GDP project is a dockerfile for building an opensource Hadoop Data Platform or ecosystem using modern components
- Run the build.sh script. This script will ask you some input data and override the configurations for you.
- After that, you can run the docker build command. ie
docker build --rm -t matiaet98/gdp:latest .
- Now you can spawn a container using the docker-compose provided in this project. You can edit the file or you can just run it using docker run like this:
docker run \
--privileged \
--network <network> \
--ip <ip> \
--name mygdp \
--hostname mygdp.matinet \
-v /sys/fs/cgroup:/sys/fs/cgroup:ro \
matiaet98/gdp:latest
- Log in into the container:
docker exec -ti mygdp bash
- Modify the script bootstrap.sh before running it:
- You have to create some database users and change datasource configurations, otherwise some services will not start.

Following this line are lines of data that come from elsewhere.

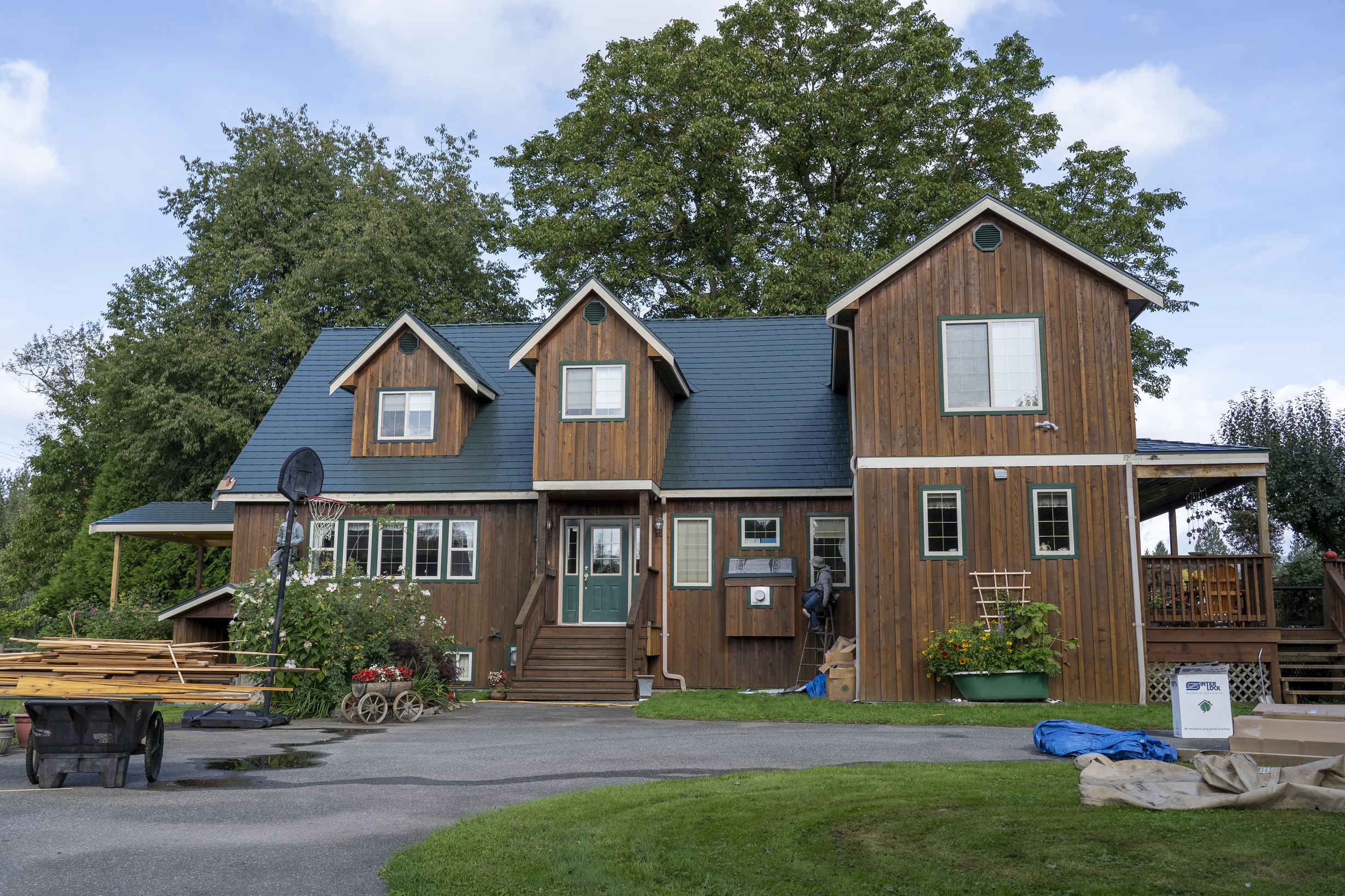 Hunter Green Interlock Slate aluminum roof on a brown two-storey home with a hunter green metal roof in, Langley, British Columbia
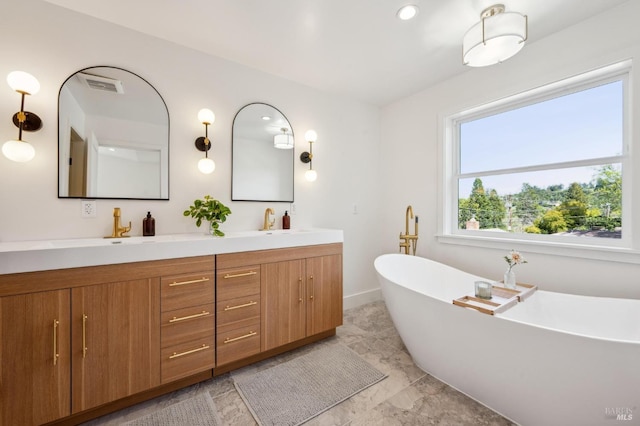 full bath with a sink, double vanity, baseboards, visible vents, and a soaking tub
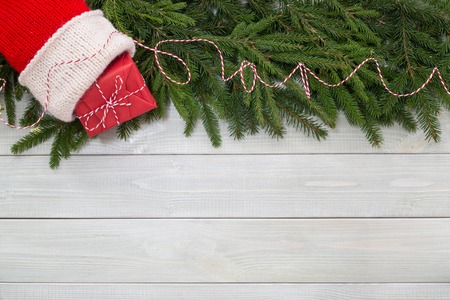Christmas new year flat lay decor of fir branches, sock and gift on white toned natural wooden plank background texture provence style with copy space for textの写真素材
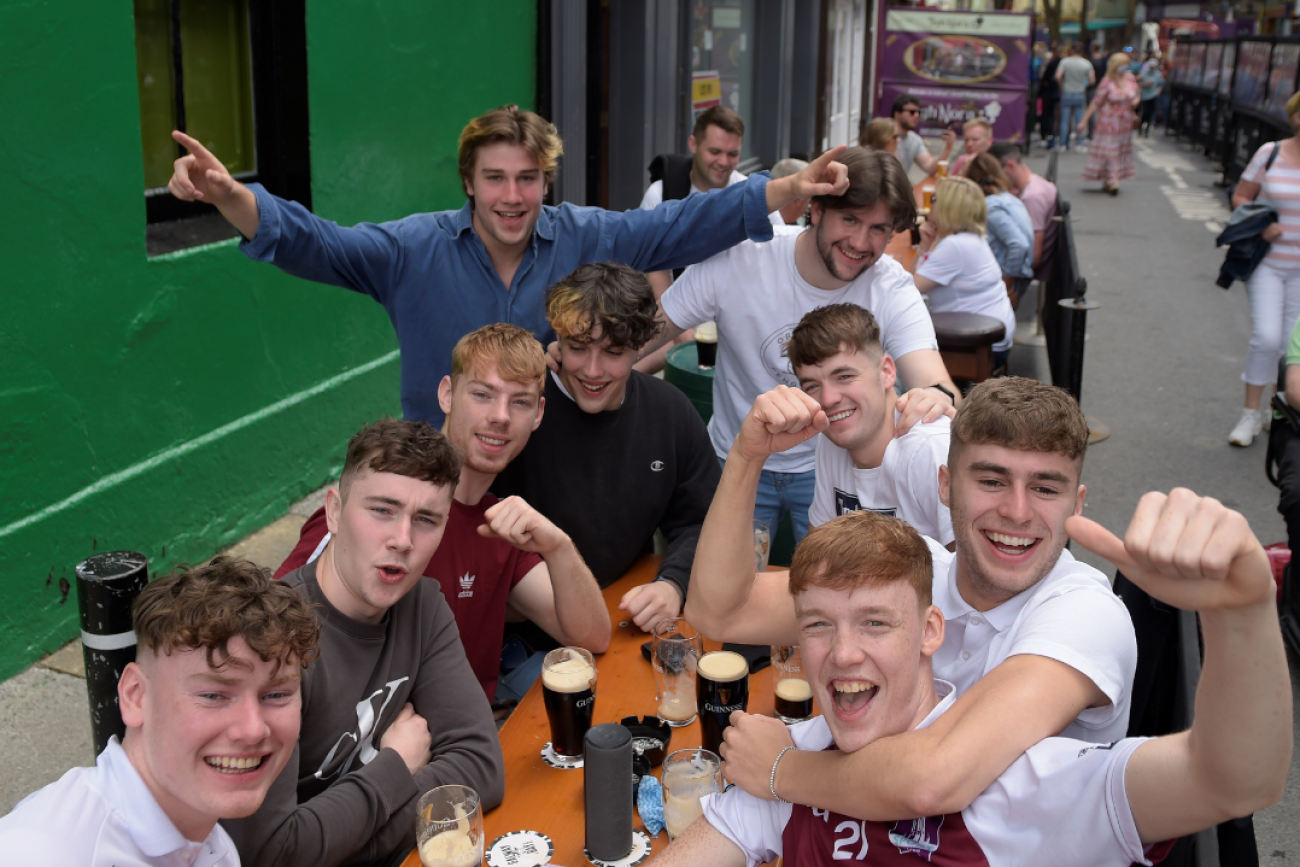 A group of young men cluster around a large outdoor table cheering, smiling, and drinking large glasses of beer as COVID-19 restrictions ease in Galway, Ireland, on June 7, 2021.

- Change datasource config in: /gdp/airflow/airflow.cfg
- Change datasource config in: /gdp/hive/conf/hive-site.xml
- Run bootstrap.sh
- Notes:
-
Jupyterlab password is "admin" (without the quotes)
-
You can expose this ports:
- 8080 Spark Master
- 18080 Spark History Server
- 8088 YARN AM
- 9870 HDFS Namenode Information
- 16010 HBase Information
- 9090 Airflow Web UI
- 8888 Jupyterlab
- 8000 NiFi Web UI
- 8090 PrestoSQL Web UI
- 10002 Hiveserver2 Web UI
-
You can mount this volumes:
- /sys/fs/cgroup required for systemd
- /data/dn Datanode data
- /data/nn Namenode data
- /data/zk Zookeeper data
- /data/presto PrestoSQL data
- Apache Hadoop 3.2.1
- Apache Spark 3.0.0-preview2
- Apache HBase 2.2.3
- Apache Hive 3.1.2
- Apache Sqoop 1.4.7
- Apache Zookeeper 3.5.7
- PrestoSQL 330
- Apache NiFi 1.11.3
- Apache Kafka 2.4.0
- Apache Phoenix 5.0.0
- Apache Airflow 1.10.9
- JupyterLab 1.2.6